I asked myself this crazy hard question:
In order to keep the standards at Janelle on Location as high as we have them, do I need to cut back significantly on the number of weddings we take so I can, with a clear conscience, invest in my kids in a way I believe is important, irreversible, and valuing these precious short years?
I'm not going to lie, there was a fear in my heart as I genuinely considered that question; seeking to evaluate honestly. I started picturing my life with less Janelle on Location, assessing if it would make me a better mom for my kids.
As I pondered, I realized that this job actually makes me a better mom. And. Being a mom...makes me a better Wedding Vendor and Team Leader. Hear me out.
My days and nights are full of mundane: keeping humans alive with food, sleep, and basic hygiene over and over again. Constantly doing what will just be undone, or need to be re-done again in moments. These days of postpartum cushion, sleep deprivation, yoga pants, over sized t-shirts and my two year old thinking that anytime mama wears makeup we must be going to church...
...these days need an outlet of "Fancy." Of beautiful. Of planning.
Basically, weddings are the opposite of my life right now. They are thought out, planned, with all hands on deck from tons of professionals, details intricately designed, days, months and sometimes years of Pins saved and Wedding Vision brainstormed. The most spectacular once-in-a-lifetime dress. Emailing and texting close friends regularly about all of the plans. Fancy, delicious food, vacation around the corner, with almost every single moment of the most amazing, detail-oriented day of a couple's life being documented by the best photographer around. Images to be hung on the wall and given as gifts to last a lifetime.
My days are repetitive. Rotating the same 5 of my husband's t-shirts that currently fit while my body re-gains it's un-pregnant shape. With my hands overflowing with laundry, dishes, spit up, crumbs, making scrambled eggs and peanut butter and jelly sandwiches...sometimes being too busy to eat them myself. The details of my day are entirely un-fascinating, and feel un-worthy of documentation. I'm out of touch with so many friends I deeply care about.

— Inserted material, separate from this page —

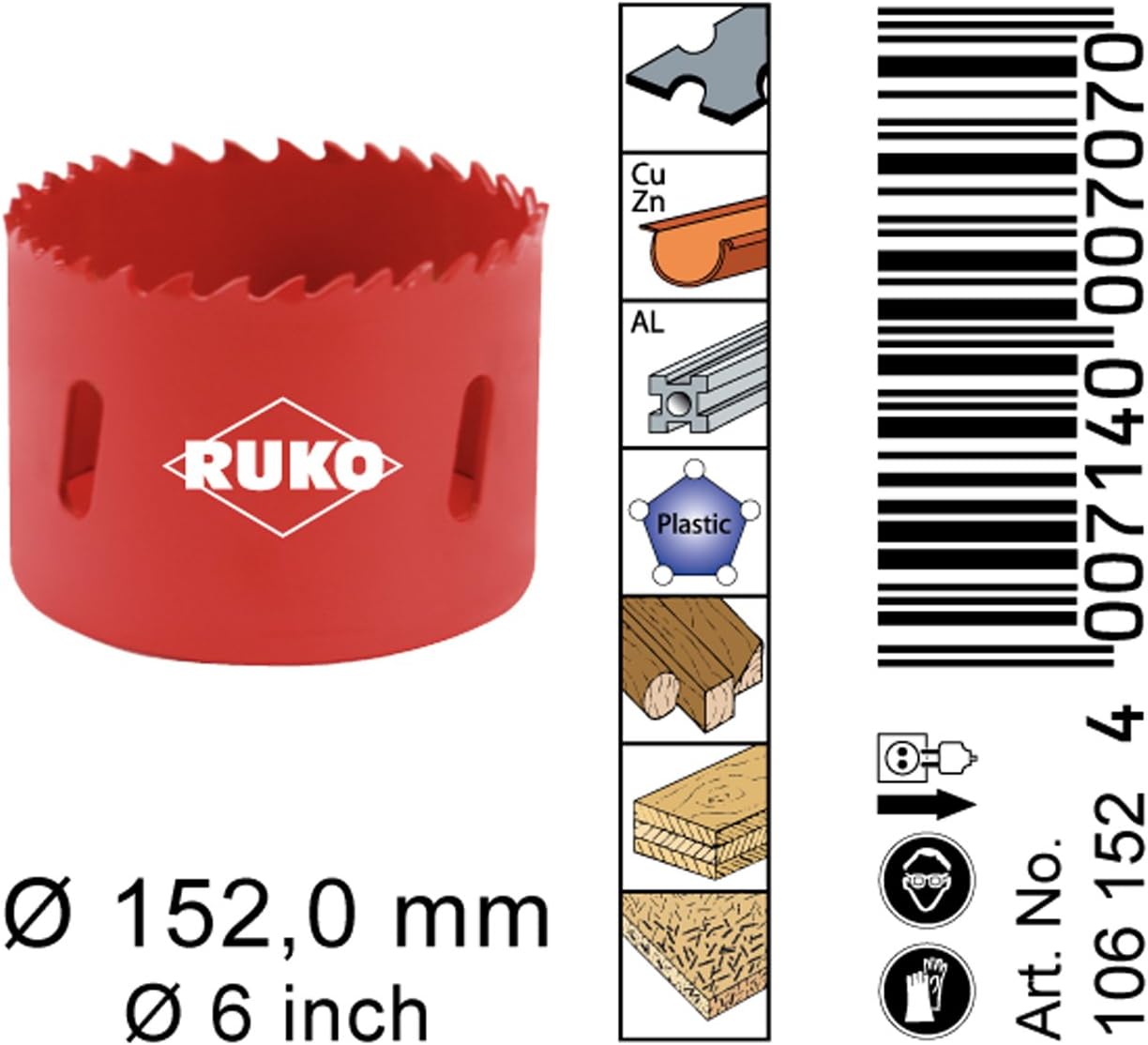 Ruko HSS Bi-Metal Hole Saw with Varied Toothing, Red Finish, 152mm Diameter, R106152 - Image 4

So getting to mull over clean, un-fingerprinted, bright images of wedding vision from our Brides, hearing their heart-warming love stories (which make me fall in love with my husband all over again!), seeing a Bride's sweet friendships on full display, and journeying with Brides and other vendors in the planning of THE DAY...is a beautiful, needed outlet for me. I look forward to my emails, and pinterest boards, and wedding days...caring for these women who've entrusted so much to us. It is a tremendous joy. And a refresher for my heart, mind, relationships, and pace. I.love.it. And I need it. And because I'm a believer in self-care as it allows us to care for OTHERS more effectively...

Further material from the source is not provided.